Tras el varapalo que el Tribunal Supremo ha dado a Bush, obligándole a reconocer los derechos humanos en Guantánamo, un especialista estadounidense ha manifestado su esperanza de que sus con- ciudadanos recobren el valor suficiente para defender su libertad, que incluye la de los demás, sin entregarse a dictados como los de la infame 'Ley Patriótica', y a pánicos tan vergonzosos como los ligados al miedo al ántrax. Ya lo dijo otro estadounidense, Benjamin Franklin: 'Quien renuncie a la libertad por la seguridad, perderá la una y la otra', y lo estamos viendo en el desorden cada día mayor en Irak, el Oriente Medio y en el mundo entero.
Quizá también nosotros, además de criticar con toda razón a los Estados Unidos, podríamos aprender algo de ese triste ejemplo, en vez de escudarnos hipócritamente en él para considerarnos, sin más, mejores. Porque la obsesión por la seguridad que nos inculcó la crisis que culminó en la guerra del 1936 a 1939, y la exaltación del 'orden establecido' por un régimen autoritario basado en recortes de libertades, nos llevó a hacer una transición tan suave y en tantos aspectos casi imperceptible que nuestras libertades reales aún están en muchos ámbitos congeladas.

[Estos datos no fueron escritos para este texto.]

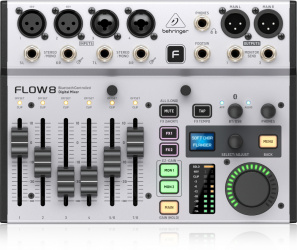 Behringer Mezcladora Digital FLOW 8, 8 Canales, 24 bit, Bluetooth, XRL, 5W 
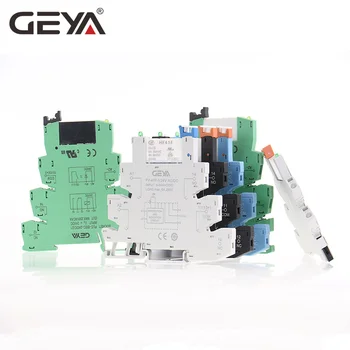 GEYA 6.2 mm storio Plonas Relės Lizdas su Hongfa Relė 12VDC/AC arba 24VDC/AC Plug Relay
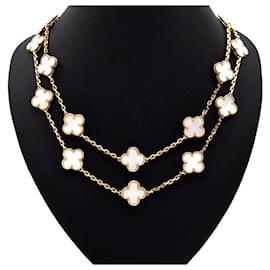 Van Cleef & Arpels Van Cleef Arpels Alhambra Motif lange Halskette Mehrfarben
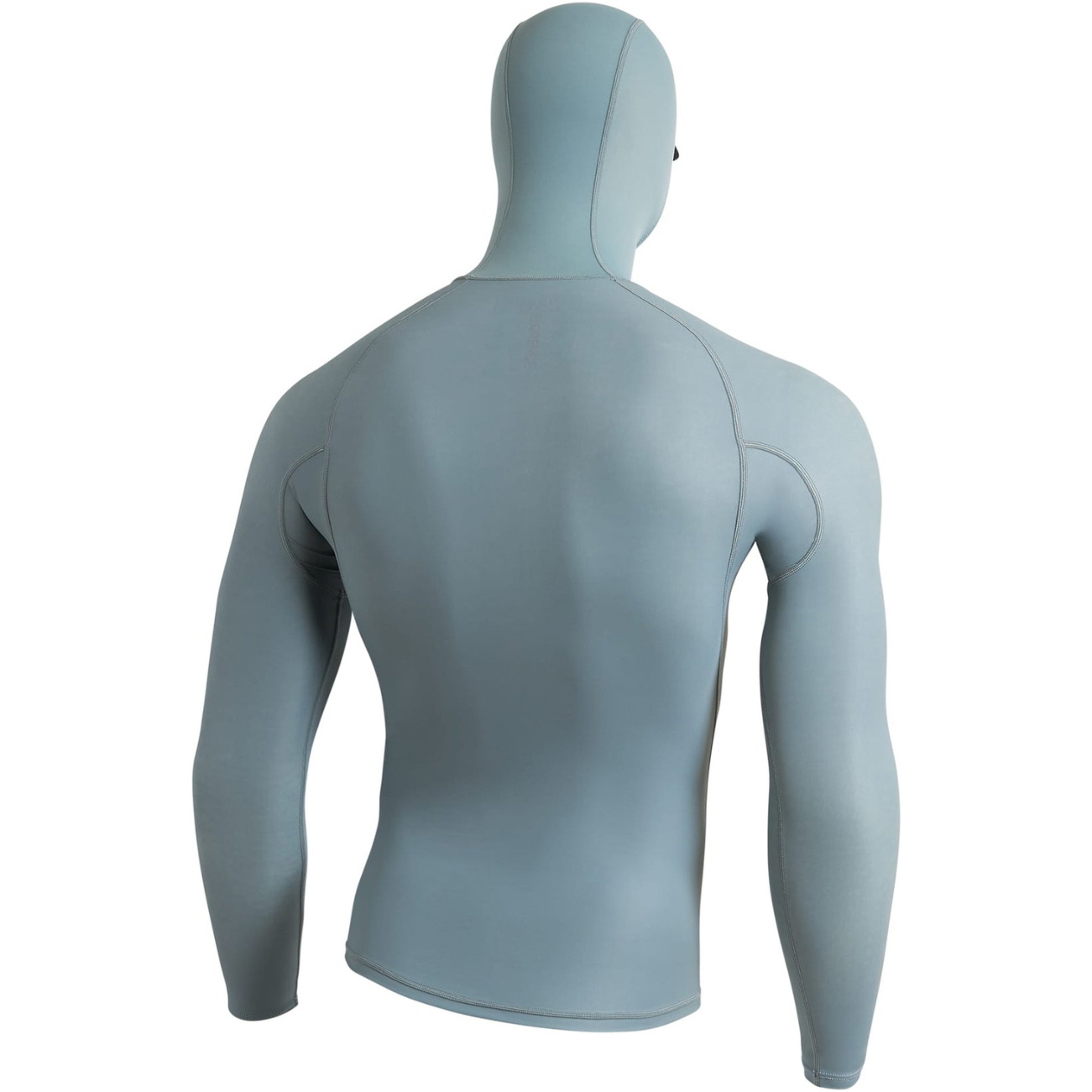 2026 Florence Marine X Mens Windshield Long Sleeve Hooded Rash Vest 2.0 FMSS00051 - Light Sea Blue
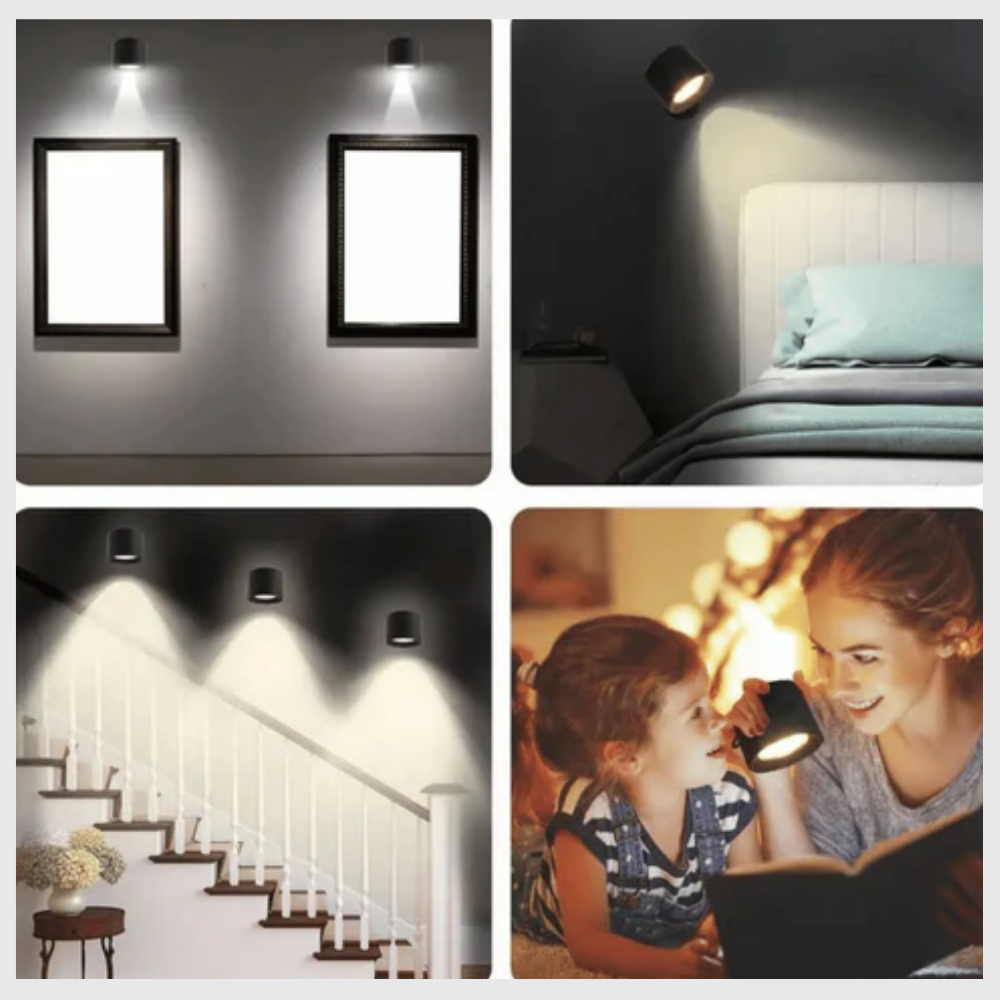 LumiNid Pro – Lampe LED Murale Sans Fil | 3 Teintes | Rechargeable USB-C.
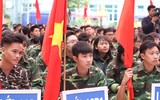 Lễ xuất quân đậm màu sắc của đương kim vô địch THPT Trần Quốc Tuấn ảnh 13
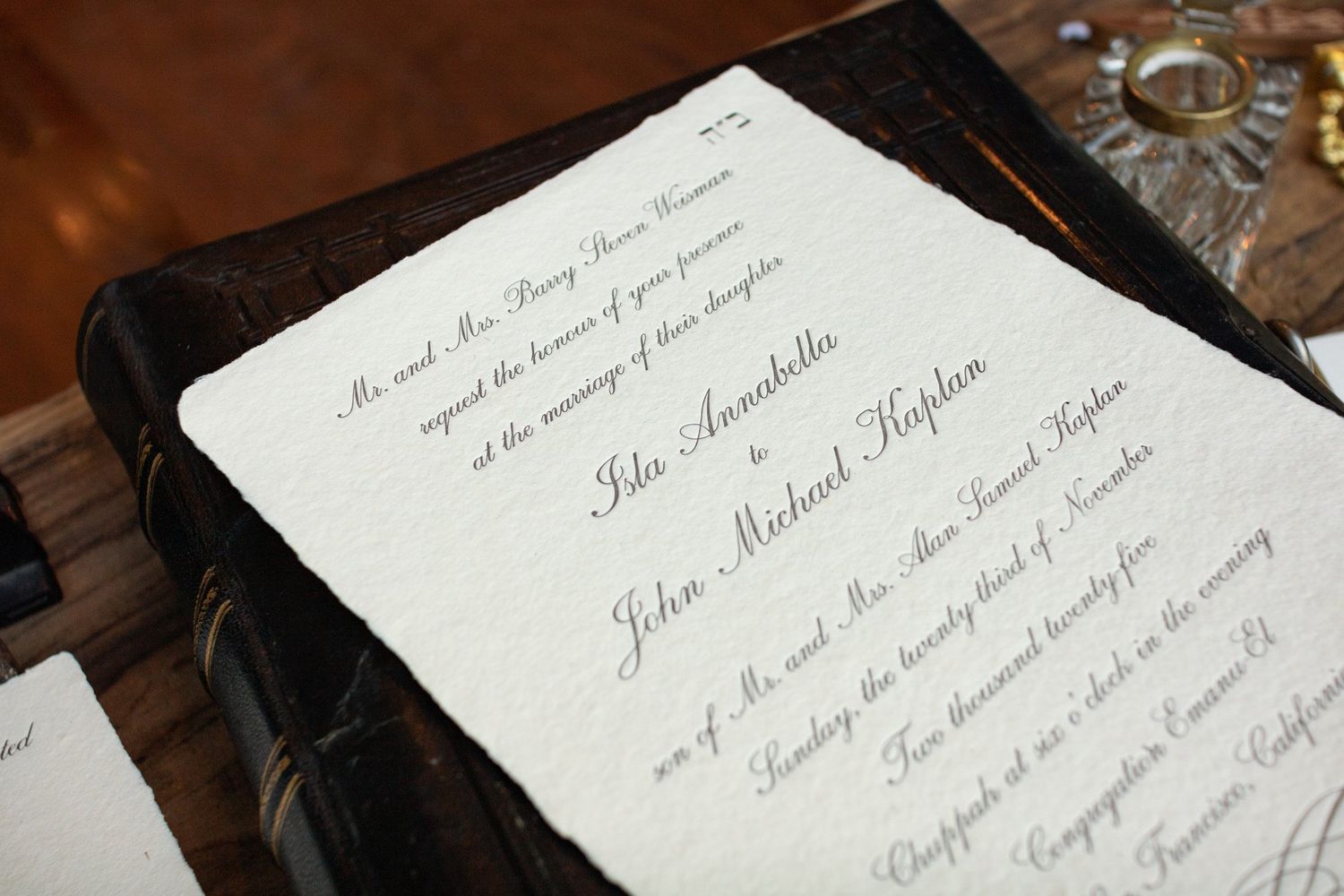 Isla Wedding Invitation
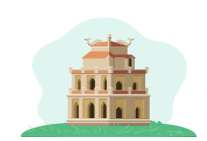 VIẾT: Tìm hiểu cách viết bài văn tả phong cảnh  Bài văn dưới đây tả cảnh gì?  Hồ Gươm thân yêu (ảnh 1)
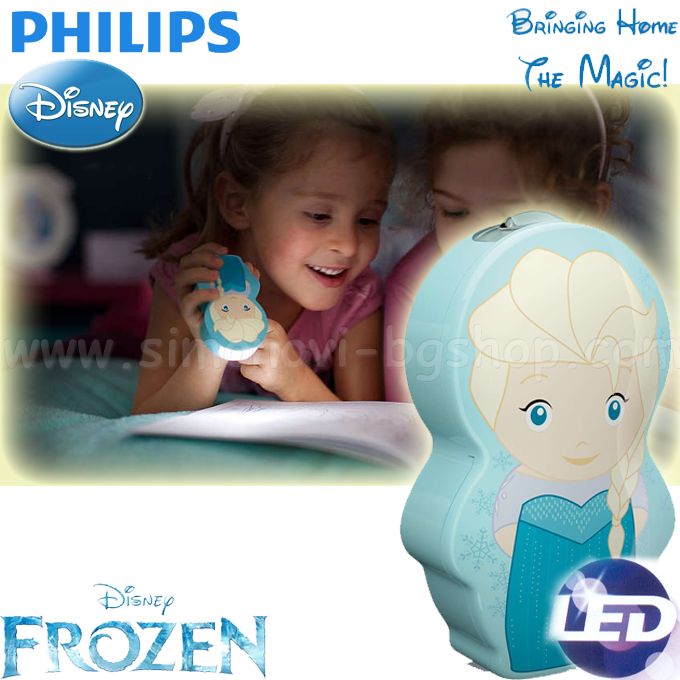 Philips - LED Flashlight Disney Frozen Elsa Blue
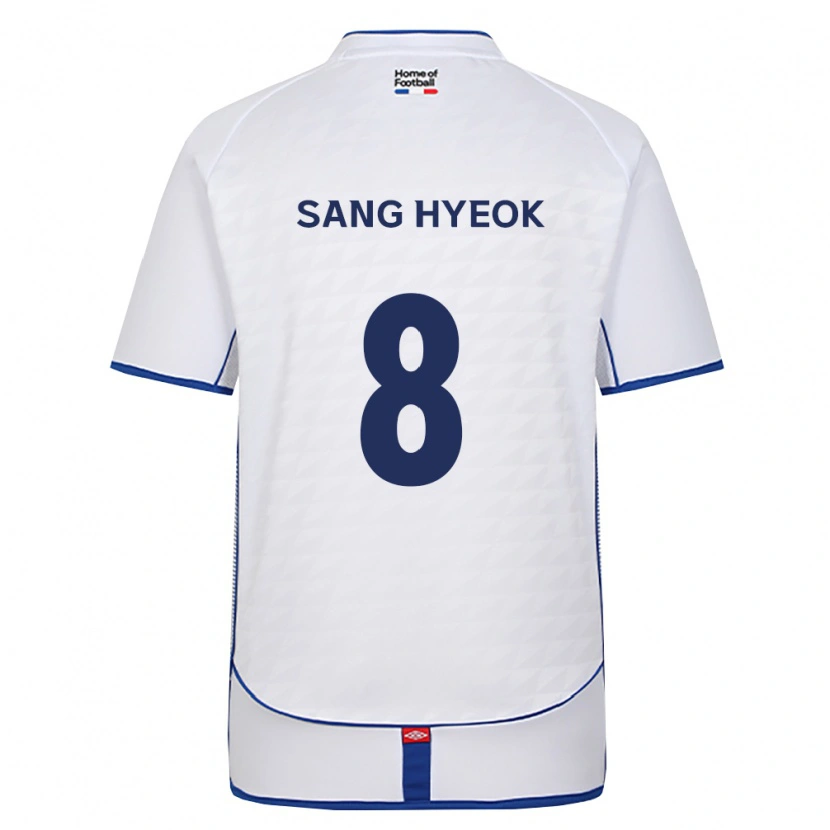 Danxen Herren Sang-Hyeok Park #8 Schwarz Weiß Rot Auswärtstrikot Trikot 2026/27 T-Shirt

Sólo treinta años después de la tranquila muerte del dictador nos atrevemos a condenar en el Parlamento, y no solemnemente sino como de pasada, su sangrienta tiranía. Y, a pesar de haber quitado algunas con nocturnidad o con excusas del tipo de que se va a 'remodelar la zona', todavía quedan algunas estatuas públicas de él, por no hablar de las calles y plazas del Generalísimo. Eso sí, tenemos el valor de llamar a nuestra conducta una prudente transición, y ponerla de ejemplo para otros países.